In so doing, the Supreme Court reversed a far-fetched Fourth Circuit Court of Appeals decision that essentially labeled the Appalachian Trail—a 2,100 mile hiking trail that runs through private, state, and federal lands from Georgia to Maine—as a national park. Treating the trail as such would have blocked the proposed pipeline, which has to pass underneath it, not to mention all manner of other energy and transportation infrastructure serving the population centers of the East Coast. The lower court decision, if allowed to stand, would have cut off the East Coast from the rest of the country in several economic respects.
The relevant law was clear that the land in question is under the control of the Department of Agriculture’s Forest Service, which had approved the pipeline, and was not part of some new national park that would be subject to the Department of the Interior’s National Park Service. The latter designation would have made a pipeline approval impossible. Justice Thomas, writing for the majority, noted that “Congress has used unequivocal and direct language in multiple statutes when it wished to transfer land from one agency to another,” but that no such statutory language exists here.
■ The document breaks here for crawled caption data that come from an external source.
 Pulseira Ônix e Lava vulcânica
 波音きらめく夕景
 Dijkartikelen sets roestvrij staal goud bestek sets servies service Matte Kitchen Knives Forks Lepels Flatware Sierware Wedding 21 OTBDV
This case is part of a larger trend among climate change activists. In the absence of any duly enacted federal climate legislation—cap and trade bills, carbon tax proposals, climate change treaties, and most recently the Green New Deal have all failed to become law—activists have sought to achieve the same goals by reinterpreting older statutory authority never intended for the purpose.
Beyond the Atlantic Coast Pipeline, examples include novel interpretations of the 1972 Clean Water Act (since reined in by a recent EPA final rule) to block natural gas pipelines as well as other fossil fuel projects like a coal export facility in Washington State. Here, the Supreme Court rejected a strained reading of existing law that had been used to stop the pipeline.
The Atlantic Coast Pipeline would create thousands of construction jobs as well as many permanent jobs operating the pipeline, serve as an outlet for West Virginia’s abundant natural gas supplies, and help keep energy prices lower for end users in the Virginia and North Carolina.
Unfortunately, it still faces a number of other regulatory and permitting hurdles. But this decision is a welcome sign that inventing legal reasons to stop fossil fuel-related projects has its limits.